Опознание обставлено по всем правилам: присутствуют трое понятых (зэки), Камаев как прокурор руководит процедурой. В каком качестве участвует в ней Антонов, я не понимаю, но он хлопочет, все организует. В конце кабинета стоят три стула, на двух из них уже сидят два зэка, Антонов велит мне сесть на свободный стул. Из нас троих Рыбалко должен узнать Марченко и все рассказать об этом зловещем типе.
Антонов выходит, чтобы ввести Рыбалко. Я поднимаюсь и говорю: «Прошу пока не вводить свидетеля».

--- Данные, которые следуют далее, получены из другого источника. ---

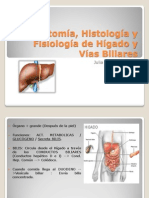 Anatomia, Histologia y Fisiologia Del Higado y Visicula Viliar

— А в чем дело? — удивляется Камаев.
— Я хочу пересесть на другое место, — заявляю Камаеву.
— Пересаживайтесь, — Камаев изображает беспристрастность, а может, не в курсе игры Антонова в этом случае.
Я меняюсь местами с одним из зэков. Потом предлагаю ему же:
— Давай, земляк, поменяемся на время игры обувкой.
Зэк довольно охотно и весело соглашается, и мы переобуваемся: я в его тапочки, он в мои сапоги. Второго, справа от себя, прошу:
— Подержи, пожалуйста, в руках мой «домик» (шапку-ушанку).
После этого говорю Камаеву:
— Я готов.
Камаев кивает надзирателю, и тот открывает дверь. Первым входит человек среднего роста, чернявый, в вольной одежде. Я его действительно не могу припомнить, ручаюсь, что никогда не видел. За ним появляется Антонов. Он намеренно не смотрит в мою сторону, стоит к нам троим спиной, лицом к Камаеву: демонстрирует свое безразличие. В зубах у него сигарета.
Камаев объясняет Рыбалко его обязанности.
— Вам все понятно, свидетель Рыбалко?
— Да, я все понял.
— Теперь повернитесь лицом к трем заключенным и укажите, кто из них занимался распространением клеветы в адрес партии и правительства. Опознайте среди этих трех Марченко.